Supersymmetric Large Extra Dimensions and the Cosmological Constant: An Update

TL;DR

The article surveys supersymmetric large extra dimensions (SLED) as a potential resolution to the cosmological constant problem, positing two large extra dimensions where gravity propagates and brane tensions cancel bulk curvature at the classical level. It argues that bulk supersymmetry can keep quantum corrections small, yielding a residual vacuum energy $\delta\rho \sim m_{sb}^4$ with $m_{sb} \sim v$, consistent with observations in principle, while highlighting critical obstacles such as Weinberg's no-go, potential hidden tunings, the evolving radius problem, and the need for explicit bulk quantum calculations and radius stabilization. The work further discusses cosmological and observational implications, including possible quintessence-like behavior and distinctive collider/gravitational signatures, while acknowledging that a definitive proof requires detailed calculations of bulk quantum effects and stabilization mechanisms.
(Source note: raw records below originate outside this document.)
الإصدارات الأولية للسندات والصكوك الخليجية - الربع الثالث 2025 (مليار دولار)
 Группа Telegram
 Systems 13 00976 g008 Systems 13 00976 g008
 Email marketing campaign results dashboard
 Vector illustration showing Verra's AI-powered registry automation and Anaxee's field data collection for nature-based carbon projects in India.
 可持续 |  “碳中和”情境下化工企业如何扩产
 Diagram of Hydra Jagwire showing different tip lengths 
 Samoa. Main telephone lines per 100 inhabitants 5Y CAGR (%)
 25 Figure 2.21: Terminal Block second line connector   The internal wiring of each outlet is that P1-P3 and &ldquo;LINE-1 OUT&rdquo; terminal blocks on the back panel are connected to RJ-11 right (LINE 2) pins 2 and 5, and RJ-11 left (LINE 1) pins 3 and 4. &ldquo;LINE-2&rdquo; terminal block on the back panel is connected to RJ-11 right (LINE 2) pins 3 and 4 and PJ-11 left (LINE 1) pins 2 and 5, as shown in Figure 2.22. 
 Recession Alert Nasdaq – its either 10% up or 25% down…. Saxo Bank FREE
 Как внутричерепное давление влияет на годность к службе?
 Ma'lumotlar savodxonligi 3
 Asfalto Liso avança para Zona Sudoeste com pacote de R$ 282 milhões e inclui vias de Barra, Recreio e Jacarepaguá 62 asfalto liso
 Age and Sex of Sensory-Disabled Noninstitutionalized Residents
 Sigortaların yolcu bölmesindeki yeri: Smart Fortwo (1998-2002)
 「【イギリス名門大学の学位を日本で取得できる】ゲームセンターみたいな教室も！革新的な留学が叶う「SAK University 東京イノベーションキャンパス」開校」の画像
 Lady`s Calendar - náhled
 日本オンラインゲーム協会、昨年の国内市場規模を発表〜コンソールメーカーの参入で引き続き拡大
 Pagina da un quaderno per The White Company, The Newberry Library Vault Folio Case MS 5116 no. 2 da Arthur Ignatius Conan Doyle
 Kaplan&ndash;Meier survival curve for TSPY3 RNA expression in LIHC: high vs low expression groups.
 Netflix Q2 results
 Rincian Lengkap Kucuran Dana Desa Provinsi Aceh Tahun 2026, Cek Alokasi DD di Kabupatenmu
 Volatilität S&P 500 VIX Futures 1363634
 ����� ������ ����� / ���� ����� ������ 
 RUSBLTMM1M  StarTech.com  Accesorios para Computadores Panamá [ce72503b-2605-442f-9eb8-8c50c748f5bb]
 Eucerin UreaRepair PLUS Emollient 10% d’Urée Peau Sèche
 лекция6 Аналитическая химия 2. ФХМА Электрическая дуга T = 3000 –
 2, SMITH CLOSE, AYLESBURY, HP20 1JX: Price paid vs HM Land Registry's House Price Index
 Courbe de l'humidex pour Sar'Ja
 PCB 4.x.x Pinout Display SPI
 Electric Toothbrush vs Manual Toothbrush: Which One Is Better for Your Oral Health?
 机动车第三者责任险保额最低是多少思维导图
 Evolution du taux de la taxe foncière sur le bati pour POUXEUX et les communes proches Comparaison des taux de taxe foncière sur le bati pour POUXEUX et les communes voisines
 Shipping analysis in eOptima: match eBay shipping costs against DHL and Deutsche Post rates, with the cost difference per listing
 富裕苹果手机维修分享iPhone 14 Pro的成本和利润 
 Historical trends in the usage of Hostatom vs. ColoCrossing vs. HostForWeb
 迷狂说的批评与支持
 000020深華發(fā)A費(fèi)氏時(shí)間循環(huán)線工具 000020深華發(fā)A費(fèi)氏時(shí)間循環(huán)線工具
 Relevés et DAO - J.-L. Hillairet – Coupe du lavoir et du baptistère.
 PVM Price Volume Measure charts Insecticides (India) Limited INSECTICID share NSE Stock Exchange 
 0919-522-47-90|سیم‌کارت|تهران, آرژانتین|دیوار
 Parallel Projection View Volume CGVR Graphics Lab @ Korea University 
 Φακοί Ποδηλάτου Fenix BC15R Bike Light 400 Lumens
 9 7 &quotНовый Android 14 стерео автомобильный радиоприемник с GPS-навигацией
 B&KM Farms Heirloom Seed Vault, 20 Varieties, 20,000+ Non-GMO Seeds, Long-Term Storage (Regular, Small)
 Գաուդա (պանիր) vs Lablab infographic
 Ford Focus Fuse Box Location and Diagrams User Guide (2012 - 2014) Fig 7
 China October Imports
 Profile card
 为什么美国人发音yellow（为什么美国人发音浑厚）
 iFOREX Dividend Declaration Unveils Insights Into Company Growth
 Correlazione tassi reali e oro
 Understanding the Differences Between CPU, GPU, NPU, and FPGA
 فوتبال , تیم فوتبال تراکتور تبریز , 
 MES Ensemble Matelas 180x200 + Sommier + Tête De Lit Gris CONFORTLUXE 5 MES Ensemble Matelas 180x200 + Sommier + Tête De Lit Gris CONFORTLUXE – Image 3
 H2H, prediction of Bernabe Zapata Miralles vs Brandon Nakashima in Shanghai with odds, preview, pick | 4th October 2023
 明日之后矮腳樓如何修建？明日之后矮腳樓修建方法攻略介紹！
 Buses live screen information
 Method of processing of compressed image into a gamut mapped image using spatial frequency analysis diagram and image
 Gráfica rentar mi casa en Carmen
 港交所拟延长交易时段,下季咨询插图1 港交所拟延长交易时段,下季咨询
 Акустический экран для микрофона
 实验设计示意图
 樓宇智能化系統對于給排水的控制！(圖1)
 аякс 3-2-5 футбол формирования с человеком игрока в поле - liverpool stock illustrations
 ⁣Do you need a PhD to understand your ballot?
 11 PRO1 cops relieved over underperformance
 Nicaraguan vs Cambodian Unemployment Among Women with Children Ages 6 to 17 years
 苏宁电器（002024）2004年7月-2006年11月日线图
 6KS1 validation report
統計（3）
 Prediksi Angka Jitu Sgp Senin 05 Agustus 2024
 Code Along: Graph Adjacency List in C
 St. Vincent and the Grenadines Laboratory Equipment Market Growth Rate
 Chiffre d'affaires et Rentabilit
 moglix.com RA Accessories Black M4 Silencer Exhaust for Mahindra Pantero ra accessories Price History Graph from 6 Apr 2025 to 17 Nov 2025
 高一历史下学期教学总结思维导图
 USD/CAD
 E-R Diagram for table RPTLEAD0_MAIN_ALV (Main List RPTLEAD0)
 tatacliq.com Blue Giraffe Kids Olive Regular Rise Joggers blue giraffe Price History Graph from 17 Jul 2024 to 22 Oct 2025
Overall, SLED offers a promising but contingent framework that connects low-energy physics with extra-dimensional gravity, warranting further theoretical and experimental exploration.

Abstract

This article critically reviews the proposal for addressing the cosmological constant problem within the framework of supersymmetric large extra dimensions (SLED), as recently proposed in hep-th/0304256. After a brief restatement of the cosmological constant problem, a short summary of the proposed mechanism is given. The emphasis is on the perspective of the low-energy effective theory in order to see how it addresses the problem of why low-energy particles like the electron do not contribute too large a vacuum energy. This is followed by a discussion of the main objections, which are grouped into the following five topics: (1) Weinberg's No-Go Theorem. (2) Are hidden tunings of the theory required, and a problem? (3) Why should the mechanism not rule out earlier epochs of inflation? (4) How big are quantum effects, and which are the most dangerous? (5) Can the mechanism be consistent with cosmological constraints? It is argued that there are plausible reasons why the mechanism can thread the potential objections, but that a definitive proof that it does depends on addressing well-defined technical points. These points include identifying what fixes the size of the extra dimensions, checking how topological obstructions renormalize and performing specific calculations of quantum corrections. More detailed studies of these issues, which are well reach within our present understanding of extra-dimensional theories, are currently underway. As such, the jury remains out concerning the proposal, although the prospects for acquittal still seem good.